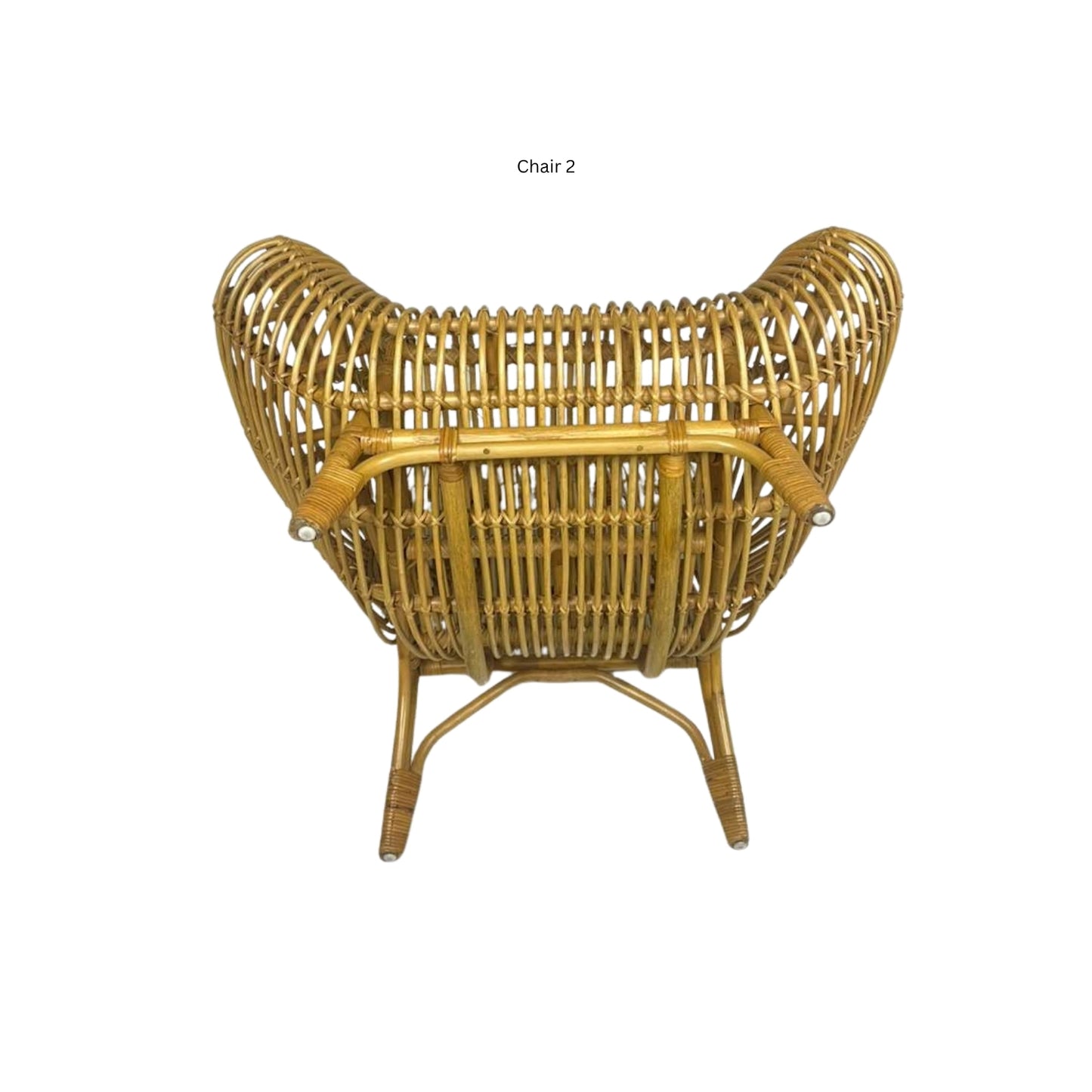 Bottom view of an Ibolili rattan chair with round backrest on white background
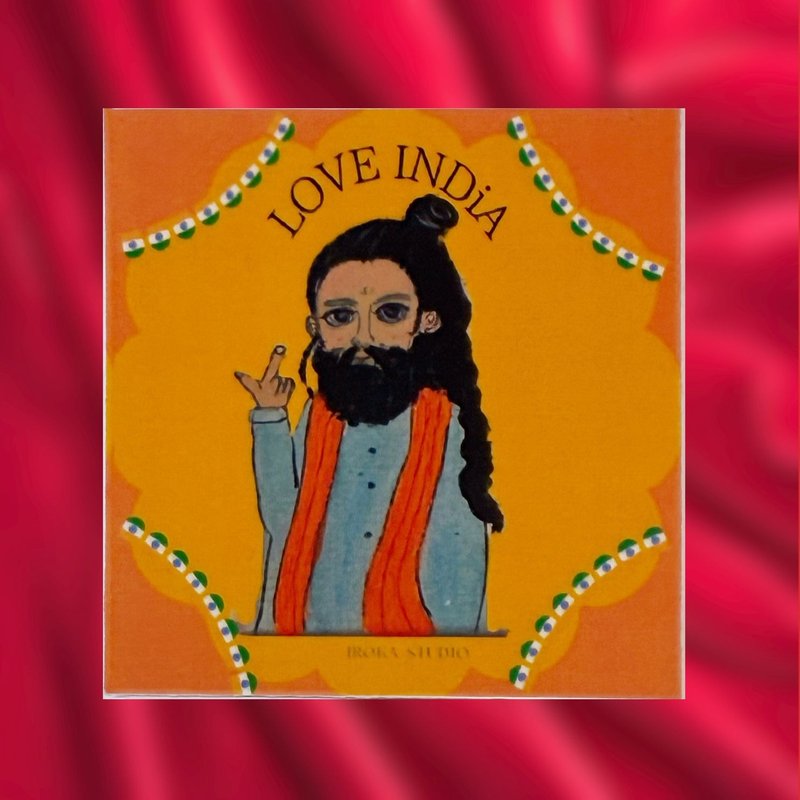 002. 艺术贴紙,LOVE INDIA, 印度绅士 - 贴纸 - 纸 橘色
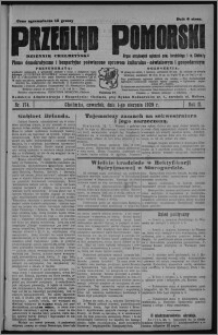Przegląd Pomorski : dziennik chełmżyński : pismo demokratyczne i bezpartyjne poświęcone sprawom kulturalno-oświatowym i gospodarczym : organ urzędowych ogłoszeń pow. toruńskiego i m. Chełmży 1929.08.01, R. 2, nr 174 + Bezpłatny dodatek ilustrowany poświęcony Powszechnej Wystawie Krajowej w Poznaniu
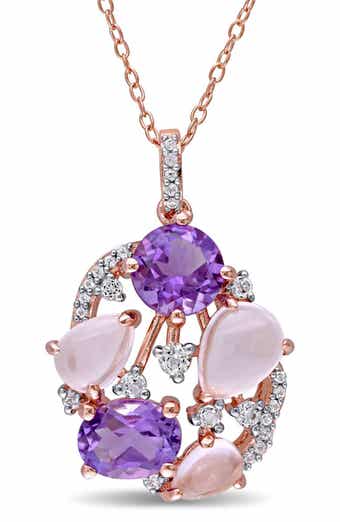 Sterling Silver Amethyst, Rose Quartz & Diamond Pendant Necklace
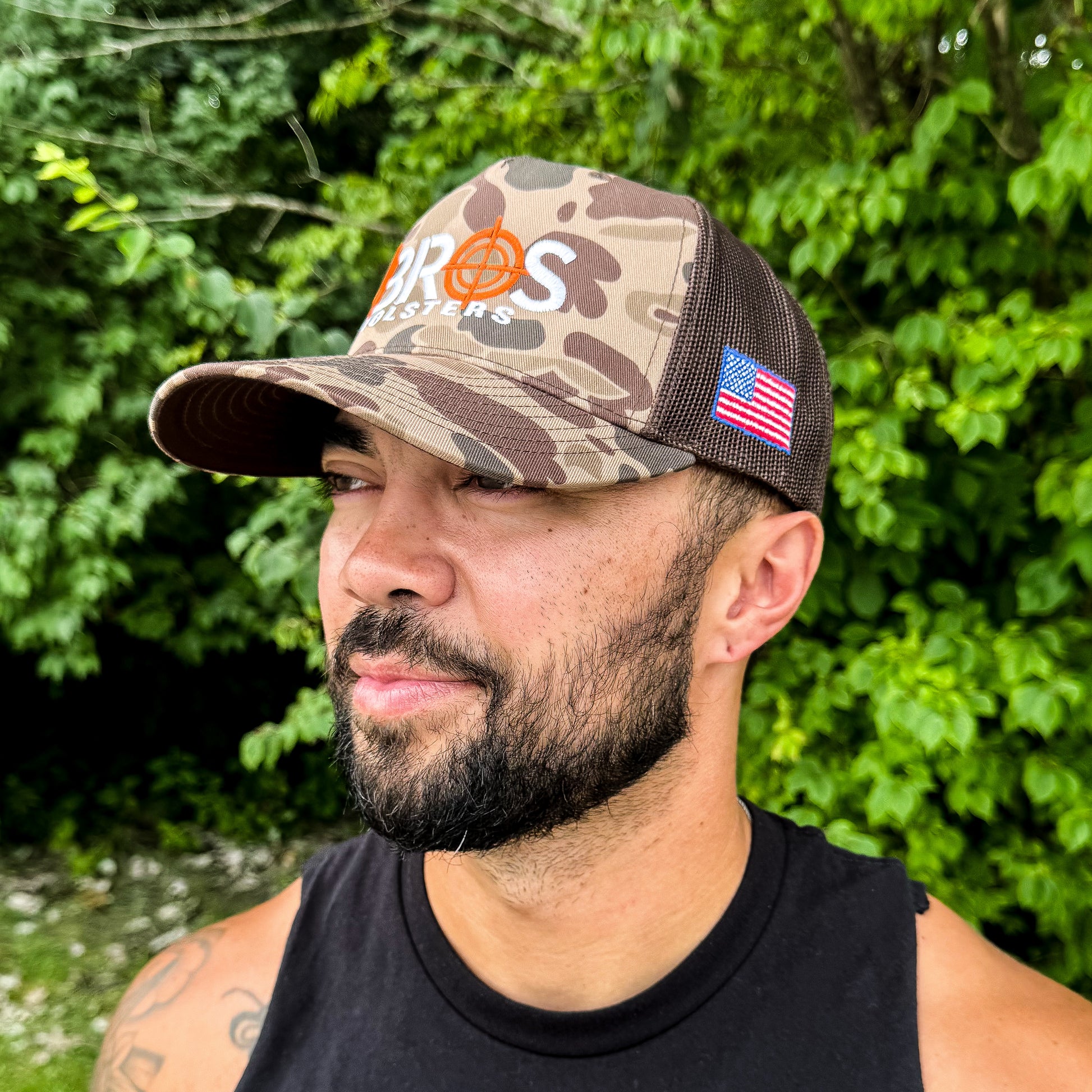 The Four Brothers Holsters 4Bros Duck Camo Trucker Hat isn't just your stay-at-home, clean-for-the-weekend hat. It is intended to be your everyday carry hat.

» Exercise instructions
Give again, word for word, the lines above from the first one through the one containing "Sterling Silver Amethyst, Rose"; no pictures.

» Written answer
 Bottom view of an Ibolili rattan chair with round backrest on white background
 002. 艺术贴紙,LOVE INDIA, 印度绅士 - 贴纸 - 纸 橘色
Przegląd Pomorski : dziennik chełmżyński : pismo demokratyczne i bezpartyjne poświęcone sprawom kulturalno-oświatowym i gospodarczym : organ urzędowych ogłoszeń pow. toruńskiego i m. Chełmży 1929.08.01, R. 2, nr 174 + Bezpłatny dodatek ilustrowany poświęcony Powszechnej Wystawie Krajowej w Poznaniu
 Sterling Silver Amethyst, Rose Quartz & Diamond Pendant Necklace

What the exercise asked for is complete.